Stando a quanto emerso da una recente ricerca scientifica, vi è un farmaco particolarmente noto che a quanto pare contribuirebbe a ridurre il rischio di malattie cardiache negli uomini. Ma di quale si tratta? Entriamo quindi nei dettagli e vediamo tutto quello che c’è da sapere in merito.
Sono davvero tanti i prodotti presenti sugli scaffali dei vari esercizi commerciali e farmacie in grado di attirare il nostro interesse. Tra questi anche alcuni medicinali molto utili per il nostro benessere. Ma cosa pensereste se vi dicessimo che vi è un farmaco che a quanto pare aiuta a vivere più a lungo?
Non si tratta, come è facile immaginare, di un elisir di lunga vita. Bensì di un farmaco che a quanto pare contribuirebbe a ridurre il rischio di malattie cardiache negli uomini. Ma di quale si tratta? Entriamo quindi nei dettagli e vediamo tutto quello che c’è da sapere in merito.

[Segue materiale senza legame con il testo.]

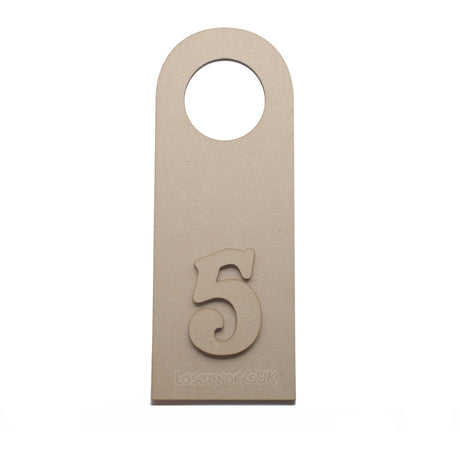 3x Door Handle Signs - Blank Hangers - LaserworksUK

Abbiamo già trattato della sparizione di tre mila medicinali dalle farmacie che spaventa i cittadini. Sempre a proposito di farmaci, inoltre, interesserà sapere che stando una recente ricerca scientifica, vi è un farmaco in particolare che contribuirebbe a ridurre fino al 39% il rischio di malattie cardiache negli uomini.
Ma non solo, chi assume tale pillola sembra ridurre le probabilità di una morte precoce. Ma di quale si tratta? Ebbene, a quanto pare si tratta del viagra. In base a quanto riportato da Dagospia, infatti, gli scienziati della University of Southern California hanno condotto uno studio su 70 mila uomini, con un’età media pari a 52 anni.
Grazie a tale analisi hanno riscontrato che il viagra aumenta il flusso di sangue nelle arterie del cuore e migliora di conseguenza il flusso di ossigeno in tutto il corpo. Nonostante i risultati positivi di tale studio, comunque, gli stessi medici raccomandano di non utilizzare la pillola blu in modo sproposito e soprattutto di rivolgersi sempre al proprio medico di famiglia.
Le informazioni presenti in questo articolo hanno esclusivamente scopo divulgativo e riguardano studi scientifici pubblicati su riviste mediche. Pertanto, non sostituiscono il consulto del medico o dello specialista, e non devono essere considerate per formulare trattamenti o diagnosi.